Beyond that, Reinhart-Rogoff excluded some years from their data set, and weighted averages by country instead of by year. So 20 years of solid growth in a high debt country could be wiped out by 1 year of bad growth in a high debt country because instead of adding all the years together and dividing by 21, they add the average of the 20 years of growth to the 1 year of bad growth, and divide by 2! It's a mess.
To read more about the errors, check out coverage from Mike Konczal at Next New Deal, Dean Baker at CEPR, Paul Krugman at New York Times, and Matt Yglesias at Slate.

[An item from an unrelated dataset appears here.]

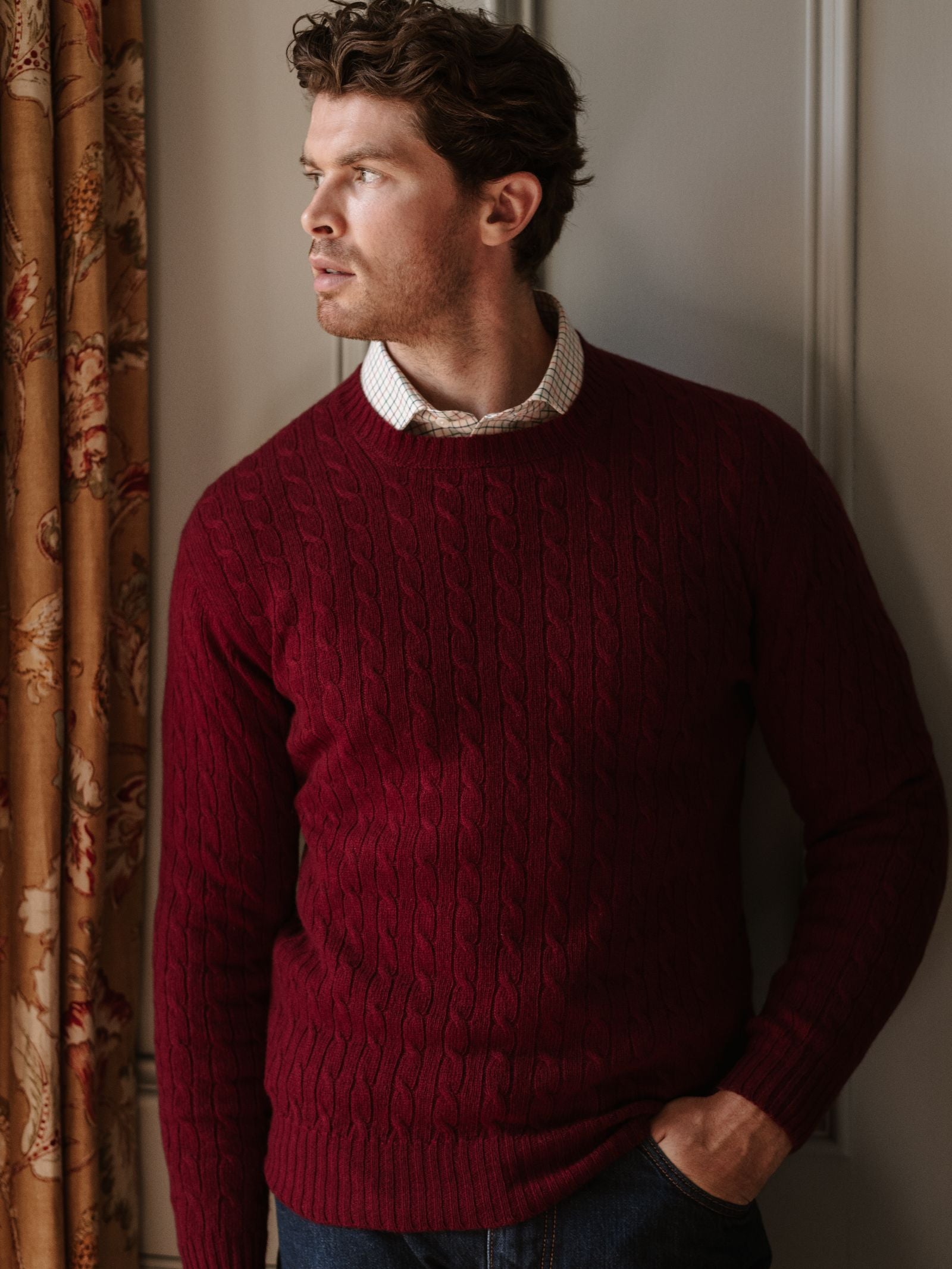 A man with wavy brown hair wears the Campbell's of Beauly Cashmere Cable Crew Jumper in maroon over a collared shirt. He stands indoors by a floral curtain, facing left, with a light wall behind him.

For those in policy circles, it is hard to understate how big a deal this actually is. Pro-austerity forces obviously have separate motives for why they want to bring on the economic pain that has nothing to do with Reinhart and Rogoff. But for the last few years, this research has been providing the pro-austerity crowd intellectual cover for their policy preferences. Everywhere you turn in these debates, you are bombarded with Reinhart and Rogoff. While there were plenty of good reasons to dismiss their theory before now, the fact that their own data-when corrected for basic coding-cuts against them should officially render this theory dead. It is simply not the case that a government with a debt-to-GDP ratio over 90 percent is a death sentence for economic growth. Reinhart and Rogoff were wrong even on their own terms.
CORRECTION: An earlier version of this post misidentified the title of Carmen Reinhart and Kenneth Rogoff's book as "Growth in a Time of Debt." This is the title of a related working paper.